* [Supplied material]:
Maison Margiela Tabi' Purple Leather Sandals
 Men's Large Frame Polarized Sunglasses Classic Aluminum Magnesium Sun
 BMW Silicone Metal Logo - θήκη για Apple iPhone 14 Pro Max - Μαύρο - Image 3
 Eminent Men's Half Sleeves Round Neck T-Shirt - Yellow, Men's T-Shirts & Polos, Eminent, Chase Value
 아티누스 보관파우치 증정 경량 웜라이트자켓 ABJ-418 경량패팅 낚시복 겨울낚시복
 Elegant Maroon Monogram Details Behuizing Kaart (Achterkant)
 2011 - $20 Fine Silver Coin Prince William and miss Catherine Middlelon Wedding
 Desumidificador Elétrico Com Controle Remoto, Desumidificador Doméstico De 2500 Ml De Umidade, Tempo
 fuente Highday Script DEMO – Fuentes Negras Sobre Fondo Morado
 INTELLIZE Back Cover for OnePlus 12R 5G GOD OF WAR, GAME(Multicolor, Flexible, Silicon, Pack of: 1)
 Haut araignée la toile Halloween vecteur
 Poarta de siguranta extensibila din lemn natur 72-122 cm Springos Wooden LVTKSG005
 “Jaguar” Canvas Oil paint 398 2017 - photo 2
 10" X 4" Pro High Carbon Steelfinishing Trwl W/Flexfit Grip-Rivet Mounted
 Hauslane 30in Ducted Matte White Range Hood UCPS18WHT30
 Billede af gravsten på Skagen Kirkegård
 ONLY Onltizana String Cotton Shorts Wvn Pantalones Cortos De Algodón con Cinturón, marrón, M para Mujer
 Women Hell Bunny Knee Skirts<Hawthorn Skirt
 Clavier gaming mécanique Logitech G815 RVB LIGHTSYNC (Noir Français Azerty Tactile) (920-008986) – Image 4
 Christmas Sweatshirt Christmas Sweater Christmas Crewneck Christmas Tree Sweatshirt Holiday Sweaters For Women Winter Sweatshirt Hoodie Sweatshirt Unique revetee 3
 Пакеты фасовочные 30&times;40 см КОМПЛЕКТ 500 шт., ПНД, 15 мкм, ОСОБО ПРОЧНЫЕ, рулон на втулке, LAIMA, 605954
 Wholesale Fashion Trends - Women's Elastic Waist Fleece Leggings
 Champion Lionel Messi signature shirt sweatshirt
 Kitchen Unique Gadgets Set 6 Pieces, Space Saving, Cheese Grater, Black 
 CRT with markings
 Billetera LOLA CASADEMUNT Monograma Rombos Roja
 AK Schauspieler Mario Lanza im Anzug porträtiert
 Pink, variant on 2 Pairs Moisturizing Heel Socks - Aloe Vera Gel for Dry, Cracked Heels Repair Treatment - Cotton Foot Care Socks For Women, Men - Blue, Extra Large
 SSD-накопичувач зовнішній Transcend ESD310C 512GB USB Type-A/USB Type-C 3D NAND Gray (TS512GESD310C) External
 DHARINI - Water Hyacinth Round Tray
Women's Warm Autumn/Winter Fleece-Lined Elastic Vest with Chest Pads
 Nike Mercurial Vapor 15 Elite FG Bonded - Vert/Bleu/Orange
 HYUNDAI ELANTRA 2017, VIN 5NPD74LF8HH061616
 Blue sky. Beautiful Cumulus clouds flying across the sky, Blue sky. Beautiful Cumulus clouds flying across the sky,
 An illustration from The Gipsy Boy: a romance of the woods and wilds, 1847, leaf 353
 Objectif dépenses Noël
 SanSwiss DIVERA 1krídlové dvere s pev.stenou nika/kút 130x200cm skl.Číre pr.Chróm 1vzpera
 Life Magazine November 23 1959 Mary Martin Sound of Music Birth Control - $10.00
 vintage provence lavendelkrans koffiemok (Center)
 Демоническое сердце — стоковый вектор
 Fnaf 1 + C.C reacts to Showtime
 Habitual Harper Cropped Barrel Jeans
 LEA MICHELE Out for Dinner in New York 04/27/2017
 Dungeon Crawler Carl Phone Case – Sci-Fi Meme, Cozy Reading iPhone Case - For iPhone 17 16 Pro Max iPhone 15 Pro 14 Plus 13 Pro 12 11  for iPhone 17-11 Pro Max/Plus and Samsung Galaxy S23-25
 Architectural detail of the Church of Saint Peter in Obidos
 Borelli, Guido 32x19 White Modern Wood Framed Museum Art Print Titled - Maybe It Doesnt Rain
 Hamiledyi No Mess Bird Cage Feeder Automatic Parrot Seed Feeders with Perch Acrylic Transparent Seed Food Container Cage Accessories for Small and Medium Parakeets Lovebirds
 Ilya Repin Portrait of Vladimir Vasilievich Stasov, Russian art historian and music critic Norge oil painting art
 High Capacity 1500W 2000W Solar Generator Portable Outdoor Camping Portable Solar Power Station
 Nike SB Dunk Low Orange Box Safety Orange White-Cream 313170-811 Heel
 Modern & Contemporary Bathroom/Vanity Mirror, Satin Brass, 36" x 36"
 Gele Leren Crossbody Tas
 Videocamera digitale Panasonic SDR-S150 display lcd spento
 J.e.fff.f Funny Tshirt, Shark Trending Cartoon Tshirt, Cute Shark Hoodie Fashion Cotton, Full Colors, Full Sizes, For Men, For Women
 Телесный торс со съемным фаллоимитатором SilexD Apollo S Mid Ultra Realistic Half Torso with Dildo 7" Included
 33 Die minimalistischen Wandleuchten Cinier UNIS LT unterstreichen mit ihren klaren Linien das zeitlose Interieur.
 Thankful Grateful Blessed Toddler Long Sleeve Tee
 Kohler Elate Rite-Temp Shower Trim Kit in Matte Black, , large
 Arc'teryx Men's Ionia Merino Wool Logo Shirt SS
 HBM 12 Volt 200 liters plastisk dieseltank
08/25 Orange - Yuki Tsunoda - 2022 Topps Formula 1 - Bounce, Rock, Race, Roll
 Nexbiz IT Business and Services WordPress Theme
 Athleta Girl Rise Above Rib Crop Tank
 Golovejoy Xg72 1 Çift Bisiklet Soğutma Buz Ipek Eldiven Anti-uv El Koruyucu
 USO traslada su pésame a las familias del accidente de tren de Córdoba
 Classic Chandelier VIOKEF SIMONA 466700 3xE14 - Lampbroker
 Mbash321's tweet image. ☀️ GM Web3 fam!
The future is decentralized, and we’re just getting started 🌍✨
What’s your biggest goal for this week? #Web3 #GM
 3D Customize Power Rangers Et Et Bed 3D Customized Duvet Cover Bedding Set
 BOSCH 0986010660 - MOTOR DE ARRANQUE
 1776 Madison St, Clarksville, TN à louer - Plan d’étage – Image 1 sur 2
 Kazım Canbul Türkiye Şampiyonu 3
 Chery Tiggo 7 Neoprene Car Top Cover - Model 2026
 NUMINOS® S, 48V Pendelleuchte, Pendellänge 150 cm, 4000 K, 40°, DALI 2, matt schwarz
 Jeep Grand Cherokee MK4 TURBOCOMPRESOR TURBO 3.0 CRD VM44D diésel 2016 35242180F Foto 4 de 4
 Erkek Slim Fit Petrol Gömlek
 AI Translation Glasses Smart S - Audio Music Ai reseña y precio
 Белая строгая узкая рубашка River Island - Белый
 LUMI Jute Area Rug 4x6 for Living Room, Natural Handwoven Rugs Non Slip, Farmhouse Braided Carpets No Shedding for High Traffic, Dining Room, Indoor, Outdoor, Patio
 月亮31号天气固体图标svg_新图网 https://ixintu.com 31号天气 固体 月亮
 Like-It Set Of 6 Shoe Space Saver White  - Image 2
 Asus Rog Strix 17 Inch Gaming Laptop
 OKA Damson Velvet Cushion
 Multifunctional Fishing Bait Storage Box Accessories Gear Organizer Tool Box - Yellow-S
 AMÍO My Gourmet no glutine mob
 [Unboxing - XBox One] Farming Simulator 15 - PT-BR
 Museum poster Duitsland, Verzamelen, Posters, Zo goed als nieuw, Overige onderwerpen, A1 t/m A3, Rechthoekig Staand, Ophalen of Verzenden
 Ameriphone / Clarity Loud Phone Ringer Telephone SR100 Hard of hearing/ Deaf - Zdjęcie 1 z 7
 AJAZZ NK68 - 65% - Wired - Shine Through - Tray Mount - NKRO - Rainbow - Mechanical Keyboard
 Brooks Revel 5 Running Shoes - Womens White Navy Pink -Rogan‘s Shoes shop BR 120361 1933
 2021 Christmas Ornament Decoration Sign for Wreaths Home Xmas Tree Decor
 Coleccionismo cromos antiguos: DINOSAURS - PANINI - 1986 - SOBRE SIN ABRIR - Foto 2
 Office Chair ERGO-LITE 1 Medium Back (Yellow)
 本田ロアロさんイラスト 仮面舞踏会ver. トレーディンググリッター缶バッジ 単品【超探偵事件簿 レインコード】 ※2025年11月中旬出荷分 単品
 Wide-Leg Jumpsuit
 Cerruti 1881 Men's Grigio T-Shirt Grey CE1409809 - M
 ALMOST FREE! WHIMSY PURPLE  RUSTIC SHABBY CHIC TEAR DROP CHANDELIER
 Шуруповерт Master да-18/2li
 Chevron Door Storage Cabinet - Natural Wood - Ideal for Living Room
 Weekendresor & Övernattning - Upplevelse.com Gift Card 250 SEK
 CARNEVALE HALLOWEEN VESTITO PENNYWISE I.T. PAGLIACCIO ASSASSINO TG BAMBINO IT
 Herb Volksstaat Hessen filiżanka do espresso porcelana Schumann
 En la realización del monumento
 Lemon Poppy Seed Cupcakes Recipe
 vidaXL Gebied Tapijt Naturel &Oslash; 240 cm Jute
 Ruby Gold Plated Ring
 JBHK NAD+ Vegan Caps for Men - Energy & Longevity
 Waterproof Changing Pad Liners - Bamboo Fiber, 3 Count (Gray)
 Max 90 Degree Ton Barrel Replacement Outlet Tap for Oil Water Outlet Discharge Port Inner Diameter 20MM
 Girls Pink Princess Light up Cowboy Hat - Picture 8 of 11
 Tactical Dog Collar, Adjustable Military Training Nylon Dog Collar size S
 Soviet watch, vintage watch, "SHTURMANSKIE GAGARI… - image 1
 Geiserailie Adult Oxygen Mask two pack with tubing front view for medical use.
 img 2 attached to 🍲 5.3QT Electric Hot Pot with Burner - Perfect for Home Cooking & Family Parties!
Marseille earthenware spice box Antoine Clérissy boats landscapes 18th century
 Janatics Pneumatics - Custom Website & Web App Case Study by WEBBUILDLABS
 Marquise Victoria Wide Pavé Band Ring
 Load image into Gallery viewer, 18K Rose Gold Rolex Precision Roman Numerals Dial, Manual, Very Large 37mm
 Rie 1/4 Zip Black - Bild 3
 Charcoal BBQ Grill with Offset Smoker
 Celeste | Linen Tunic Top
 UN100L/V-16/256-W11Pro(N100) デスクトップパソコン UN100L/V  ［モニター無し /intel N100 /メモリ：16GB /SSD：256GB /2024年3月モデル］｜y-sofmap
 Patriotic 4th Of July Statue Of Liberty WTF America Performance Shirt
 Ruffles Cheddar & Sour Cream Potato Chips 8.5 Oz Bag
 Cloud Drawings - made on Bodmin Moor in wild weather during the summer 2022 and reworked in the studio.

* [Your assignment]: Everything starting at the line containing "HBM 12 Volt 200 liters plastisk dieseltank" and ending at the line containing "Chery Tiggo 7" in the records above should be repeated exactly, and only that.

* [Answer box]:
 HBM 12 Volt 200 liters plastisk dieseltank
08/25 Orange - Yuki Tsunoda - 2022 Topps Formula 1 - Bounce, Rock, Race, Roll
 Nexbiz IT Business and Services WordPress Theme
 Athleta Girl Rise Above Rib Crop Tank
 Golovejoy Xg72 1 Çift Bisiklet Soğutma Buz Ipek Eldiven Anti-uv El Koruyucu
 USO traslada su pésame a las familias del accidente de tren de Córdoba
 Classic Chandelier VIOKEF SIMONA 466700 3xE14 - Lampbroker
 Mbash321's tweet image. ☀️ GM Web3 fam!
The future is decentralized, and we’re just getting started 🌍✨
What’s your biggest goal for this week? #Web3 #GM
 3D Customize Power Rangers Et Et Bed 3D Customized Duvet Cover Bedding Set
 BOSCH 0986010660 - MOTOR DE ARRANQUE
 1776 Madison St, Clarksville, TN à louer - Plan d’étage – Image 1 sur 2
 Kazım Canbul Türkiye Şampiyonu 3
 Chery Tiggo 7 Neoprene Car Top Cover - Model 2026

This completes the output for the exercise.